Ancak ne ABD ne de Avrupalı büyük güçler Rus oligarklarla bir şeyleri paylaşmak istiyordu. Artan ekonomik ve mali krizler ve hammadde, pazar ve kâr arayışları nedeniyle, Sovyetler Birliği’nin dağıtılmasından bu yana yaptıkları anlaşmaları birbiri ardına bozdular ve ekonomik ve askeri olarak daha da doğuya doğru ilerlediler.

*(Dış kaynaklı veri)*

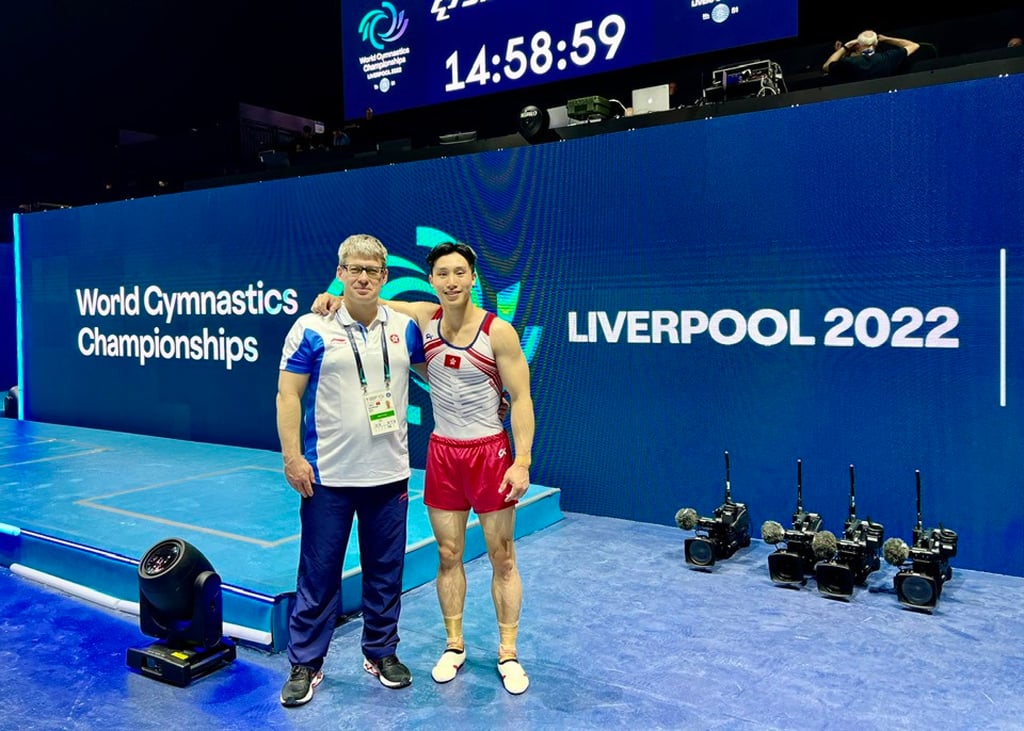 Shek Wai-hung with coach Sergiy Agafontsev at the World Gymnastics Championships in Liverpool. Photo: Handout Shek Wai-hung with coach Sergiy Agafontsev at the World Gymnastics Championships in Liverpool. Photo: Handout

NATO tüm Doğu Avrupa’yı ve eski Baltık Sovyet cumhuriyetlerini ilhak ettikten sonra, Rusya’yı mahvetmek amacıyla Ukrayna ve Gürcistan’a kadar uzandı.
NATO güçleri bu yüzyılın ilk on yılında hâlâ öncelikli olarak Ortadoğu’daki emperyalist savaşlarıyla meşgulken, ikinci on yılda dikkatlerini giderek artan bir şekilde Rusya’ya yönelttiler. 2014 yılında sağcı bir darbenin yardımıyla Kiev’de Batı yanlısı bir rejimin iktidara gelmesine yardımcı oldular ve ardından Ukrayna’yı sistematik olarak silahlandırdılar.
Putin de Ukrayna’ya askeri bir saldırıyla karşılık verdi. Bu, emperyalist güçlerle yeni bir anlaşmaya varmak için onlara karşı baskı oluşturmaya yönelik iflas etmiş ve gerici bir girişimdi. Ama savaş, emperyalist güçlere, Rusya ile çatışmayı yoğunlaştırmak ve kendilerini büyük çapta silahlandırmak için memnuniyetle karşılanan bir bahane sağladı.
O zamandan beri Almanya askeri harcamalarını ikiye ve üçe katlayarak Avrupa’nın en güçlü ordusunu kurmayı kendine hedef olarak belirledi. Almanya, tıpkı Birinci ve İkinci Dünya Savaşlarında olduğu gibi yine doğuya doğru genişliyor. Alman Silahlı Kuvvetleri, tarihinde ilk kez, bir muharip tugayı kalıcı olarak başka bir ülkede konuşlandırıyor: Rus eksklavı Kaliningrad ile sınırı olan Litvanya’da. Bu durum Rusya ile doğrudan askeri çatışma riskini büyük ölçüde artırıyor. Britanya, Fransa ve Polonya da Ukrayna’daki savaşı yoğun bir şekilde yeniden silahlanmak için bahane olarak kullanıyor.
Avrupalı güçler Donald Trump’ın Beyaz Saray’a dönüşüne, ABD’ye olan askeri bağımlılıklarından kurtulmaya ve Rusya ile kendi başlarına yüzleşmeye çalışarak yanıt veriyorlar. Trump Rusya’ya yönelik teklif ve tehditler arasında gidip gelirken, Avrupa’yı ticaret savaşı önlemleriyle tehdit ediyor. Bununla birlikte ABD, Soğuk Savaş sırasında Sovyetler Birliği’ne karşı kurulan NATO’nun askeri omurgasını oluşturmaya devam ediyor. Ukrayna’nın Rus askeri havaalanlarına düzenlediği ve Washington’dan yeşil ışık almadan gerçekleşmesi mümkün olmayan saldırının da gösterdiği gibi, Rusya ile çatışmayı yoğunlaştırıyorlar.
NATO Rusya’ya karşı savaşı tırmandırırken, ABD’nin başını çektiği emperyalist güçler Çin ile çatışmalarını yoğunlaştırıyor. Hafta sonu ABD Savunma Bakanı Pete Hegseth, görünüşte Tayvan yüzünden Çin ile bir savaşın “potansiyel olarak yakın” olduğunu ilan etti.
Ukrayna’daki savaş ve nükleer tırmanma tehlikesi ancak işçi sınıfının bağımsız müdahalesi ile durdurulabilir. Savaşın ve militarizmin sonuçlarına katlanacak olan işçi sınıfıdır ve bu savaşta herhangi bir tarafı desteklemekte hiçbir çıkarı yoktur. ABD, Avrupa, Rusya ve Ukrayna’daki işçiler savaşa ve onun nedeni olan kapitalizme karşı mücadelede birleşmelidir.